安倍晋三首相は今月、ブエノスアイレスでの国際オリンピック委員会総会でのプレゼンテーションで、汚染水問題について「状況はコントロールされている」と強調した。
この点について広瀬社長は「安倍総理の発言については、(福島第1敷地前面の)湾の外に影響が及ぶことはないという主張だと聞いている。これについては全く同じ考えだ。トラブルは発生しているが、海への影響はしっかりコントロールできている」と述べた。
広瀬社長はまた、同社の再建計画である「総合特別事業計画」につて「見直していかないといけない」と指摘。

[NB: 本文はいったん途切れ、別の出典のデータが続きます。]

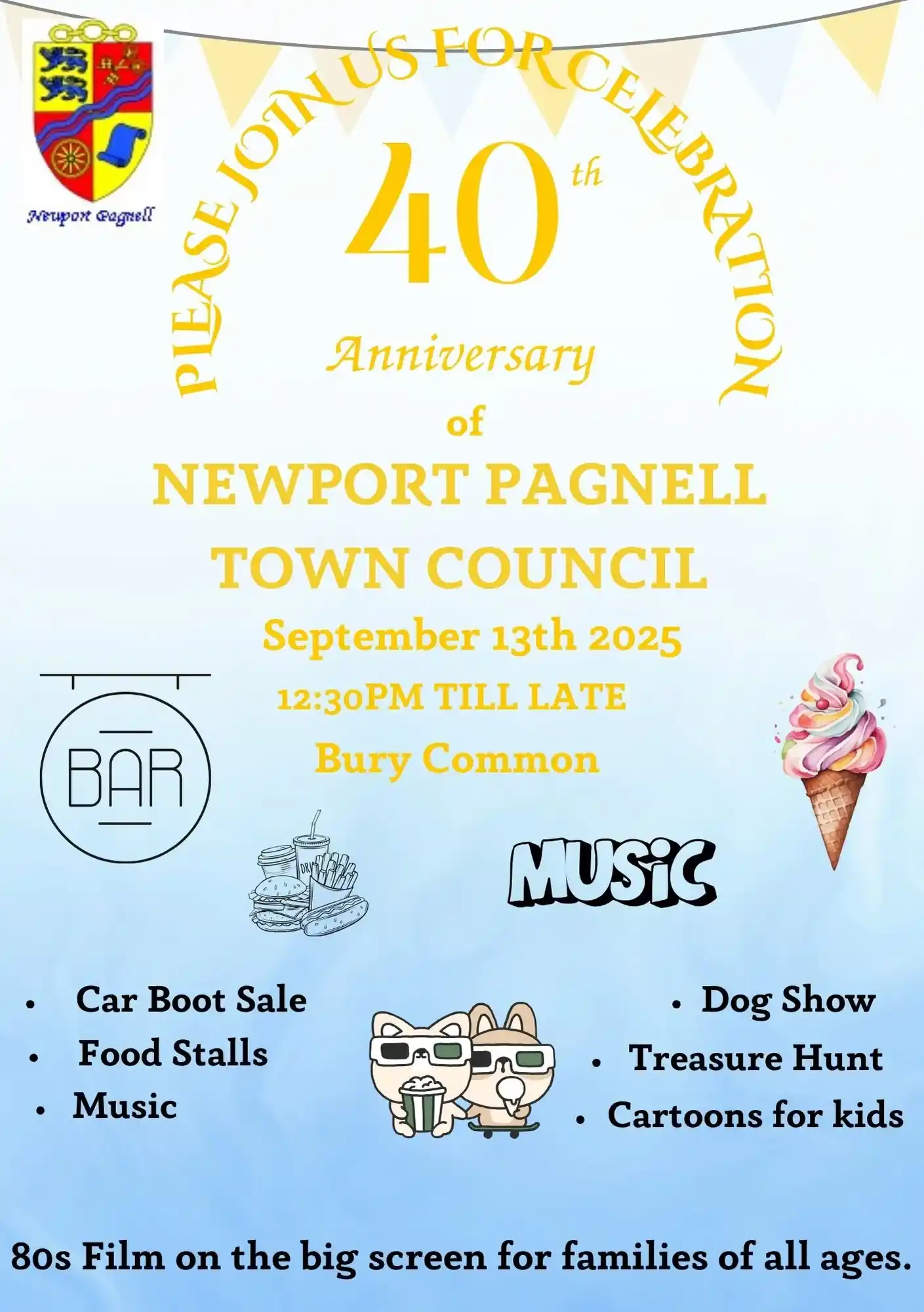 Celebrate 40 Years Of Newport Pagnell Town Council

総合計画では、2013年4月からの柏崎刈羽原発が順次再稼働することを想定しているが、新潟県との調整が遅れ、東電はこの日ようやく同6、7号機の新規制基準適合審査を原子力規制委員会に申請した。
ただ、再稼働の実現は早くても来年春以降の見込みで、今後9年間にわたる収支見通しを含め総合計画の見直しが必要になっている。
安倍首相が今月19日、福島第1原発5、6号機の廃炉を要請したことを受けて、同社はコスト削減や設備投資抑制で10年間で1兆円をねん出する方針も示した。1兆円確保について同社長は「(修正計画に)盛り込んでいく」とした。